# Determine Electric Force Due to Charges on Neg. Charged Dust Mite

• Abelard
In summary, the conversation discusses the direction of electric force on a negatively charged dust mite in the bottom left corner of a doorframe. The doorframe is twice as tall as it is wide and has a positive charge on the top left corner and an equal but negative charge on the top right corner. The conversation includes attempts to calculate the net electrostatic force using trigonometry, with a final result of (-1.88e-29, 1.556e-29) and an angle of 320.38 degrees. However, there is a discussion about potential flaws in the calculations and the fact that the force should lie along the line joining the charges.

#### Abelard

A doorframe is twice as tall as it is wide. There is a positive charge on the top left corner and an equal but negative charge in the top right corner. What is the direction of the electric force due to these charges on a negatively charged dust mite in the bottom left corner of the doorframe?

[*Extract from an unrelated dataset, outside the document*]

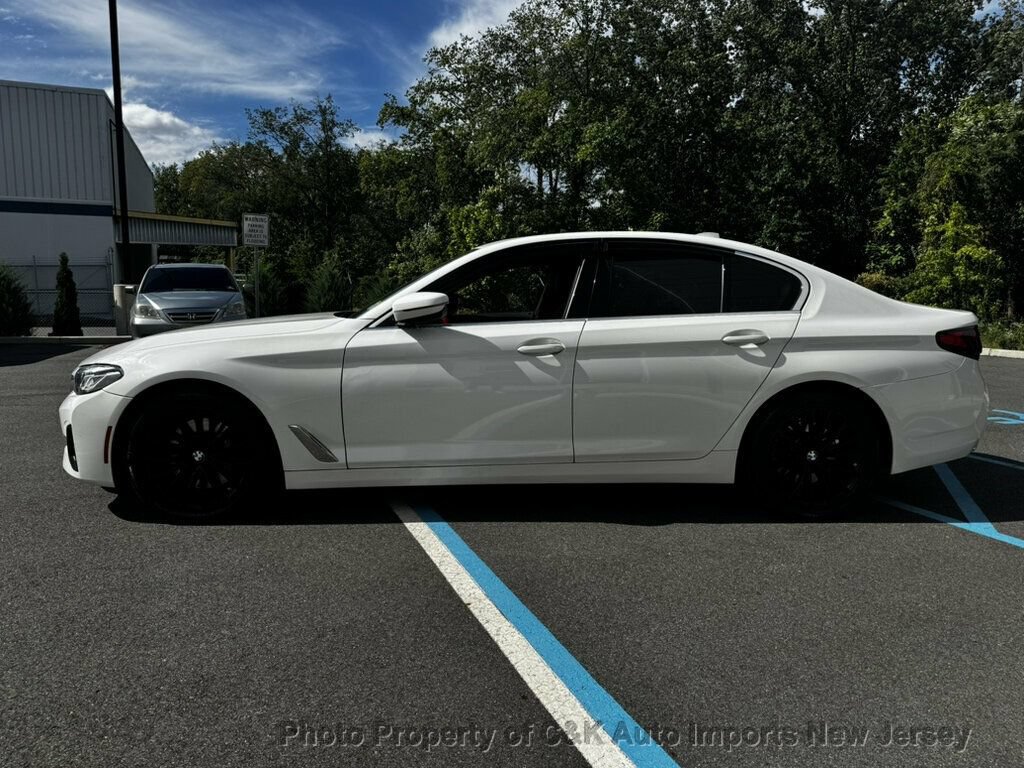 Used 2021 BMW 530i w/ Convenience Package RWD image 2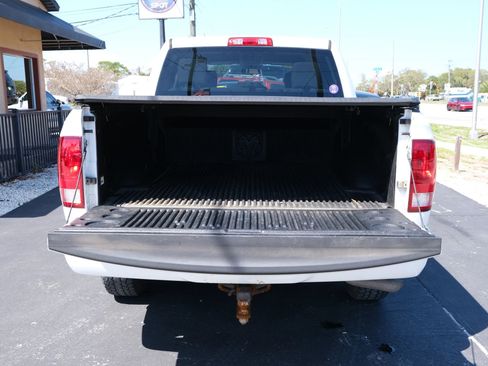 Used 2017 RAM 1500 Express AWD/4WD image 13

So I know the how to divide into components and analyze in the x an y directions to figure out the net force in x an y direction. But the problem is the values I plugged in were not correct because it was wrong. my answer was 32 or so degree.

Any brave souls?

Maybe show a little more of your attempt?

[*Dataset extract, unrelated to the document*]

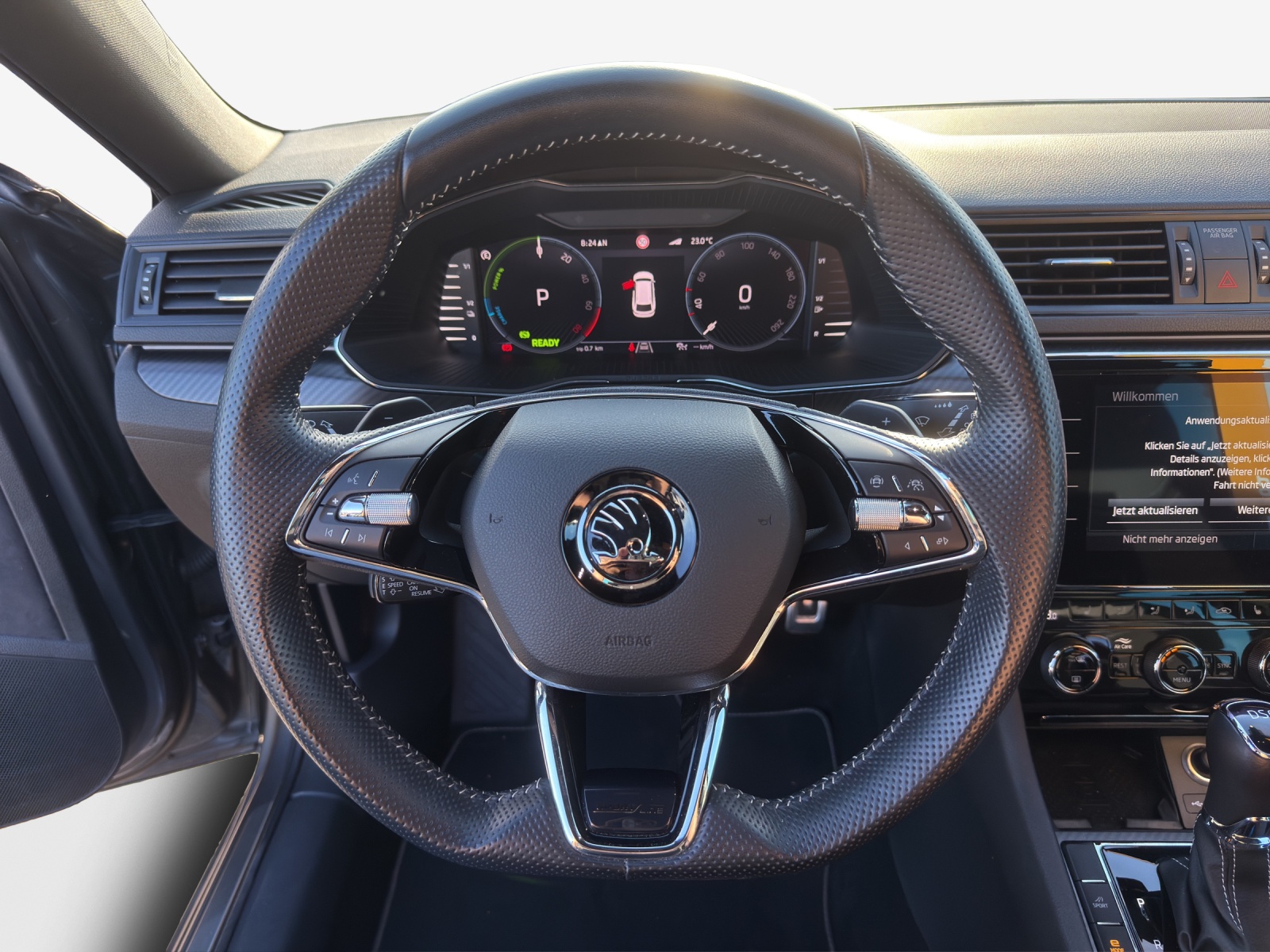 SKODA Superb 1.4 TSI Sport Line PHEV DSG-image-13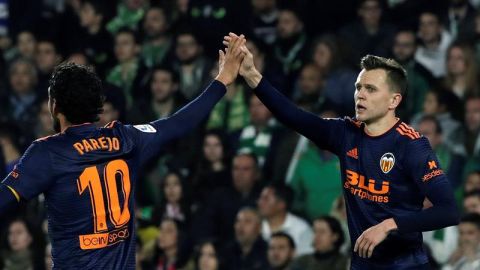 El Valencia celebra un tanto ante el Betis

So I assumed that the positive charge at the top left corner is 1.602e-19C, an elementary charge. Likewise, the negative charge at the top right corner is assumed to be -1.602e-19C. The dust mite, although unspecified of its value, is negatively charged, so I assumed its charge to be -1.602e-19C. So the attractive electrostatic force between the mite and the positively charged particle is (0, 5.768e-29)=(Fx,Fy) assuming that the length along the side is 2m and the width is 1m. For the repulsive force between the mite and the negative charge, the angle made by the diagonal line, connecting the mite and the charge, and the length of the doorframe is arcsin(1/sqrt(5)) or 26.565degrees. The net electrostatic force between the negatively charged particle and the mite is 5.768e-29 N. So, using trigonometry, I get (Fx,Fy)=(-2.5795e-29,-5.159e-29). Then summing the forces, (Fx,Fy)=(-2.5795e-29, 6.0895e-30). Theta is then, atan(6.0895e-30/-2.5795e-29)+360= 346.717degrees. Any flaw in this?

Abelard said:
The net electrostatic force between the negatively charged particle and the mite is 5.768e-29 N. So, using trigonometry, I get (Fx,Fy)=(-2.5795e-29,-5.159e-29). Then summing the forces, (Fx,Fy)=(-2.5795e-29, 6.0895e-30). Theta is then, atan(6.0895e-30/-2.5795e-29)+360= 346.717degrees. Any flaw in this?

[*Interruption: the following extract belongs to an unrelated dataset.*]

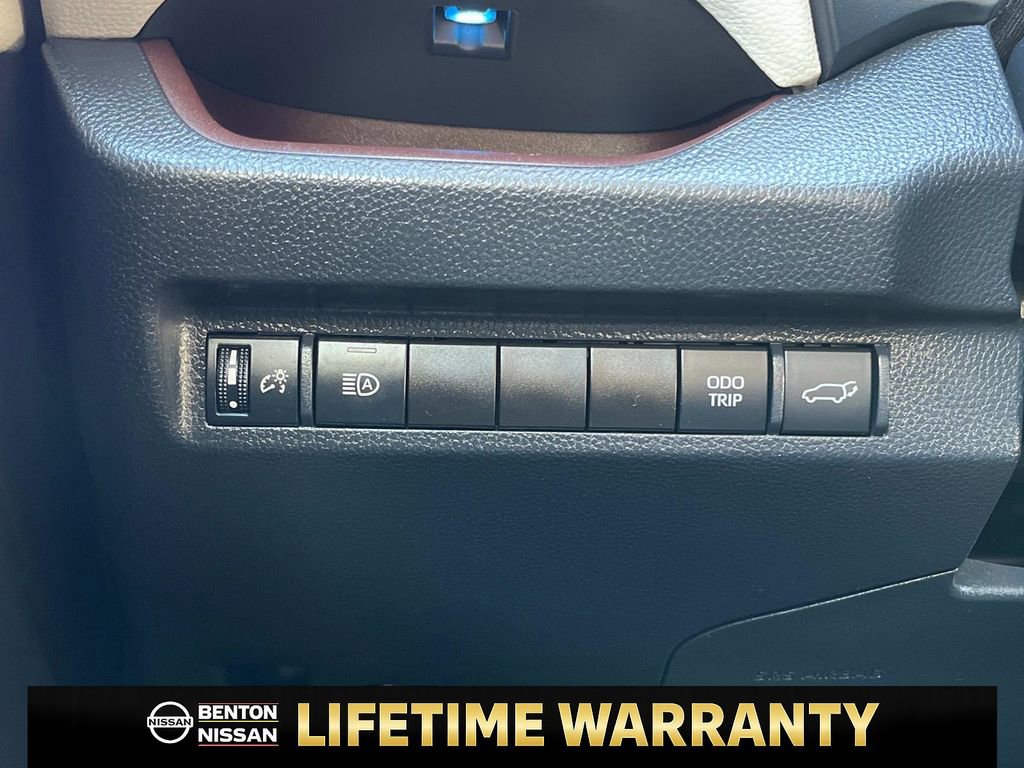 Used 2023 Toyota RAV4 Limited image 46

I think you should recheck the force due to the negative charge at the top right corner. You may have used the length of the door frame instead of the diagonal. Also, estimate the quadrant that the resultant should fall in by looking at your diagram; make sure that your calculated angle for the resultant agrees.

I really don't have an intuitive sense as to where the resultant electrostatic force will point to. So all I can rely on is calculation. So the right angle is 320.3868? The angle is actually atan(1/sqrt(5)). So using the angle, 24.095degrees, the ordered set of x and y component of electrostatic force vector is (-1.88e-29,-4.212e-29). So adding up all the x and y forces, the resultant force will have (-1.88e-29,1.556e-29). So taking arctangent;atan(1.556e-29/-1.88e-29)+360= 320.38degrees since it's in the fourth quadrant.

Abelard said:
I really don't have an intuitive sense as to where the resultant electrostatic force will point to. So all I can rely on is calculation. So the right angle is 320.3868? The angle is actually atan(1/sqrt(5)). So using the angle, 24.095degrees, the ordered set of x and y component of electrostatic force vector is (-1.88e-29,-4.212e-29). So adding up all the x and y forces, the resultant force will have (-1.88e-29,1.556e-29). So taking arctangent;atan(1.556e-29/-1.88e-29)+360= 320.38degrees since it's in the fourth quadrant.

The distance from the top right corner to the bottom left is greater than the distance from the top left corner to the bottom left (the diagonal is longer than the side). Since all charges have the same magnitude you expect the magnitude of the force with the shorter separation to be larger. Or, if you prefer, the one with the larger distance between them will be smaller.

The force between charges always lies along the line joining the charges.

So, if you were to sketch the forces on the charge at the lower left you'd have one pointing along the direction of the diagonal to the lower left (repulsive), and one, slightly larger, pointing straight up towards the upper left corner. If you "add" these vectors graphically on your sketch, where does the resultant end up?